Missy Marston grew up near Iroquois, Ontario, on the same street where daredevil Ken “The Mad Canadian” Carter built a giant ramp to jump the St. Lawrence River in the 1970s. Missy’s writing has appeared in various Canadian publications, including the incredible Hingston & Olsen Short Story Advent Calendar. Her first novel, The Love Monster, was the winner of the 2013 Ottawa Book Award, a finalist for the CBC Bookie Awards and for the Scotiabank Giller Prize Readers’ Choice. She lives in Ottawa with her husband, Peter Shmelzer, and the two small dogs with which they have replaced their grown children.
Wildly funny and wonderfully moving, Bad Ideas is about just that — a string of bad ideas — and the absurdity of love.

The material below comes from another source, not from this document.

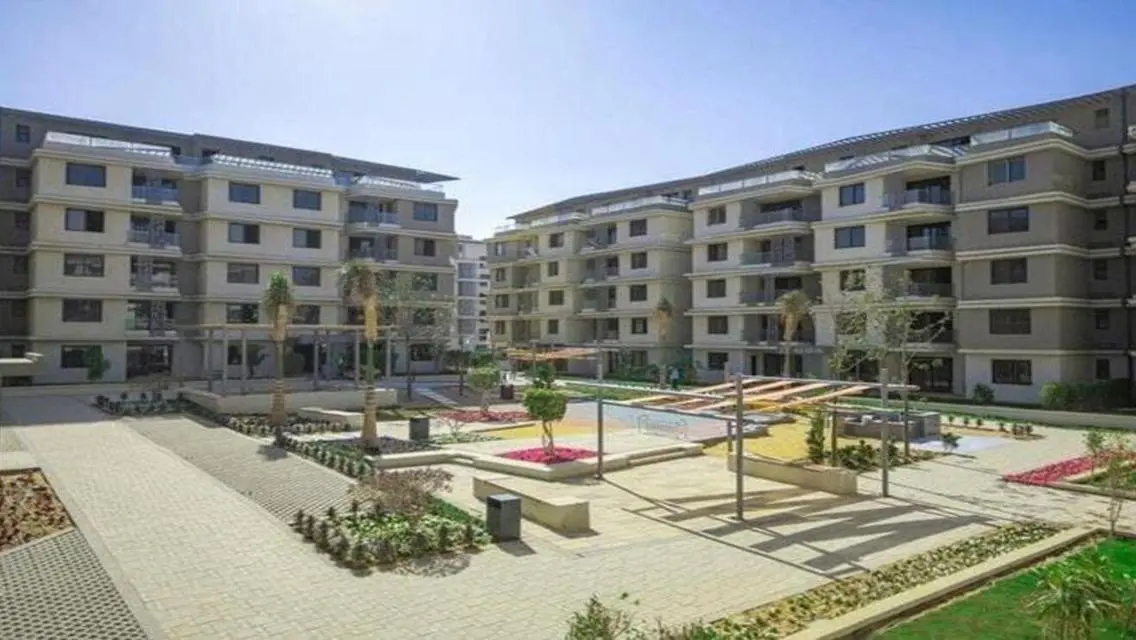 finished apartment in palm hills over 12 years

Trudy works nights in a linen factory, avoiding romance and sharing the care of her four-year-old niece with Trudy’s mother, Claire. Claire still pines for Trudy’s father, a St. Lawrence Seaway construction worker who left her twenty years ago. Claire believes in true love. Trudy does not. She’s keeping herself to herself. But when Jules Tremblay, aspiring daredevil, walks into the Jubilee restaurant, Trudy’s a goner.
Loosely inspired by Ken “the Crazy Canuck” Carter’s attempt to jump the St. Lawrence River in a rocket car, and set in a 1970s hollowed-out town in eastern Ontario, Bad Ideas paints an indelible portrait of people on the forgotten fringes of life. Witty and wise, this is a novel that will stay with you a long time.